None of these directors, or Nolan for that matter, have a similar aesthetic. Indeed, Kubrick and Spielberg are diametrically opposed since one filmmaker is considered by cinephiles to be the greatest artist in the medium, hailing absolutely from a coldly intellectual perspective, and the other was the Baby Boomer equivalent of Walt Disney with his unashamed embrace of sentimentality. But both knew better than anyone at how to seduce, dazzle, and entertain the audience—and they did so in separate ways that the other famously envied. Kubrick’s sensibility to make personal, cerebral meditations that could become box office success stories, and Spielberg’s crowd pleasers that could also feature transcendent sequences like the USS Indianapolis moment in Jaws, was the reason the two finally collaborated on A.I.
But also like Nolan, backlash could always be imminent. Consider that while A Clockwork Orange made over $20 million on a $2 million budget, it was also rated X and eventually banned in the UK (on Kubrick’s request) after a year of protests. Two films later, Kubrick’s The Shining was a sleeper genre hit in 1980 that got no Oscar love, but received two Razzie nominations. Now both films are considered deconstructionist classics.

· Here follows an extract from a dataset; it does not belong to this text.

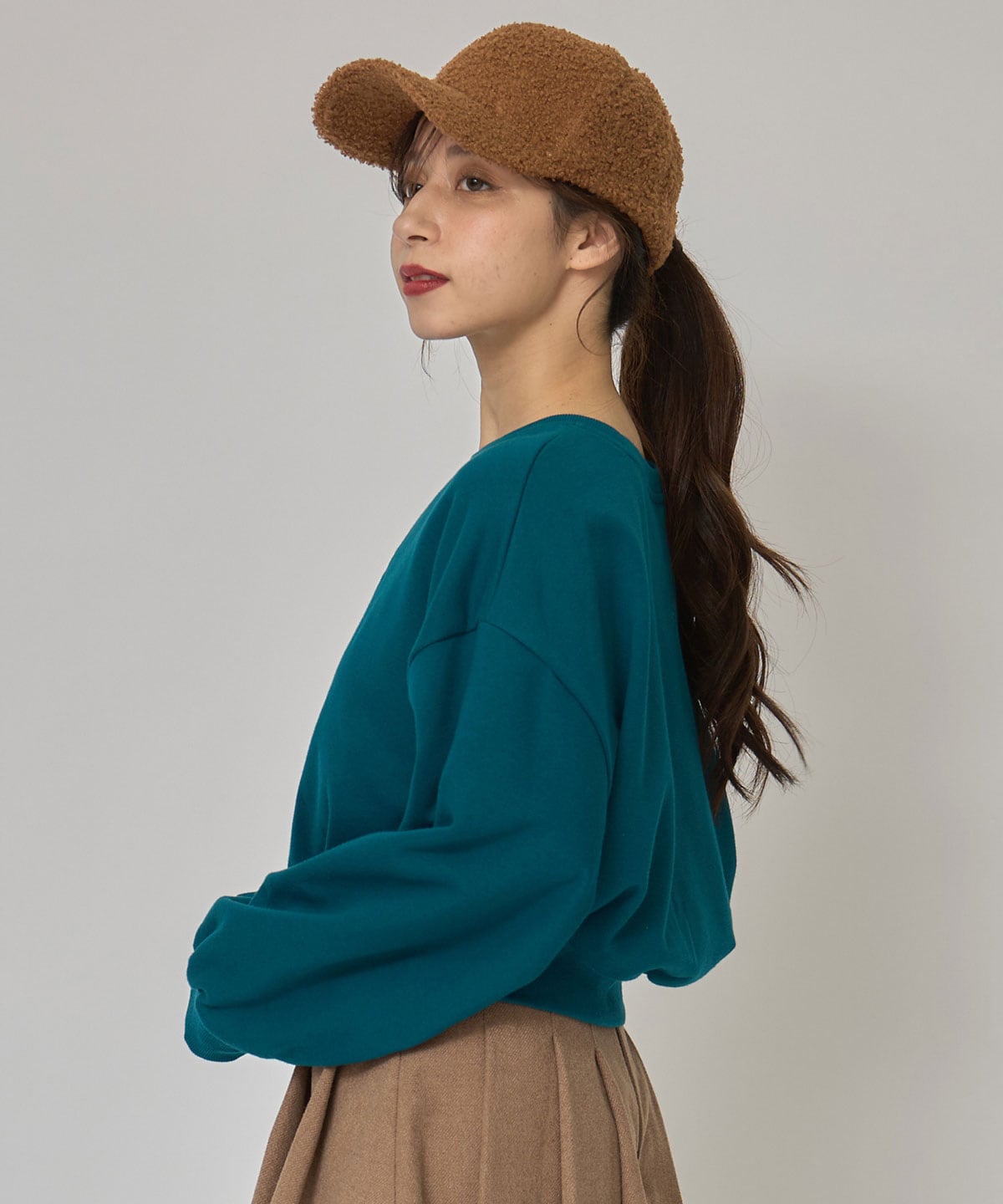 アゼルクラブカレッジロゴスウェットプルオーバー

All this brings me back to Christopher Nolan, a director who after Following and Memento was the toast of art house theaters. He then was hired by Warner Bros. to remake a Norwegian film called Insomnia and never looked back.
Since going to Hollywood, Nolan has become synonymous with blockbusters, explosive budgets, and high concept projects like the Batman franchise and “dream machines.” After almost every effort, critical and box office accolades have followed, but so has a rising chorus of discontent, which grows only louder the more successful he becomes. Obviously, all opinions are fair, but more than any filmmaker of his generation, Nolan has been able to move the paradigm of Hollywood moviemaking, for both the elite and mainstream franchising. And the more that he becomes an industry leader, the more noticeable the backlash waves on both ends of the culture rise.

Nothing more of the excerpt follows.